Aunque se mantiene vigente, y es respetado como uno de los mejores directores de los últimos 50 años, tampoco es tan celebrado por la élite de Hollywood como lo es Scorsesse o el mismo Coppola. En esos ambientes nunca se llega a saber a ciencia cierta a qué obedecen las entronizaciones, sin embargo, algo en De Palma indica que prefiere mantenerse un tanto fuera de foco y preservar un aura de director artista y no de director empresario.
No por casualidad, la crítica, a lo largo de su carrera ha sido más dura con el director. Basta recordar que Caracortada, por ejemplo, fue masacrada en su momento, al punto que afectó durante varios años la carrera de Al Pacino y del mismo De Palma.
Carlitos Way, si bien es reconocida como un clásico del cine de mafia, no goza de la reputación de otras películas, como, por ejemplo, la maravillosa Goodfellas. Seguramente, porque, consiguió una profundidad en los protagonistas que va más allá de lo que se espera de este tipo de género.
En este sentido, La Dalia negra, la adaptación de la gran novela de James Ellroy, entra dentro de esa lista de películas injustamente devaluadas.
Injustamente, porque es una obra maestra, que, como le ocurrió en varias ocasiones a De Palma, recaudó menos dinero del que fue invertido para realizarla.
La película, al igual que el libro, entra en las entrañas del mundo oscuro y peligroso de los poderes de Hollywood y exhibe su estructura de silencios y corrupciones.
Desde el punto de vista estético, le sobran argumentos para ser considerada una obra de época. La puesta en escena de los ambientes de los años 40, está al alcance de muy pocos directores.
Cada toma, cada escena está impregnada de buen cine, de códigos y de enigmas que merecen ser descubiertos en varias sesiones.
Tengo la teoría personal, que a la industria, no le gustó la película, porque sintieron que estaba haciendo una denuncia por “procuración” de lo que ocurría en el Hollywood contemporáneo.
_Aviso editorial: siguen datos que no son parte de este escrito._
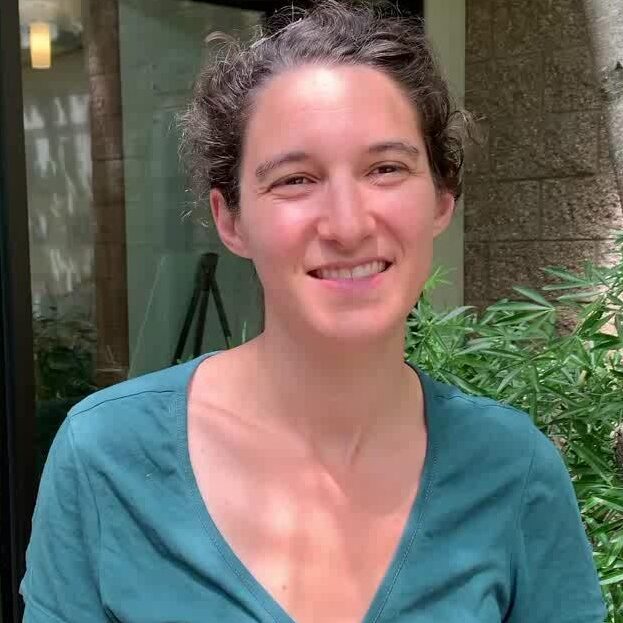 A woman in a blue shirt smiling for the camera.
Un amplio sector de la crítica influyente la presentó como un fracaso, como altamente pretenciosa y se ensañó con ella para inducirla al fracaso.
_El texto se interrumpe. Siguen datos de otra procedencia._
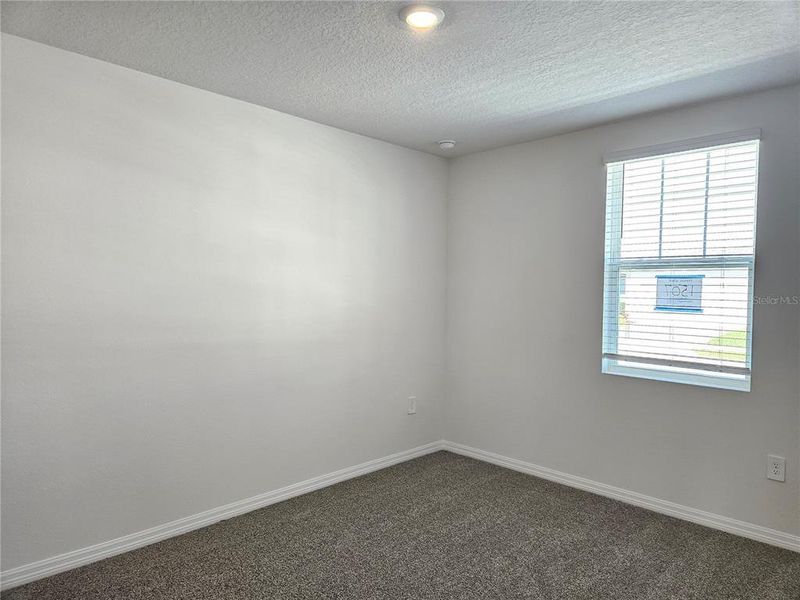 Spacious, unfurnished interior of a new home in Lawson Dunes - Signature Series, Haines City (Image 29).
En esos años, el poder de los depredadores sexuales de Hollywood estaba protegido por guardias pretorianas y una cinta donde justamente se revivía uno de los casos más emblemáticos de la historia negra de la industria, el asesinato de Elizabeth Short (en 1947), la Dalia negra, una aspirante a actriz que fue violada y mutilada, no podia sentar bien.
En 2006, Harvey Weinstein y muchos otros que desconocemos, estaban en la cúspide de su poder. Una película con una temática tan alusiva a los abusos sexuales y a las redes del poder no podía resultarles indiferente.
Vale la pena verla con los ojos de la actualidad, y más allá del mensaje, disfrutar de esta obra, que al día de hoy, al parecer, sigue siendo incómoda.
Un punto más para valorar el trabajo de Brian de Palma.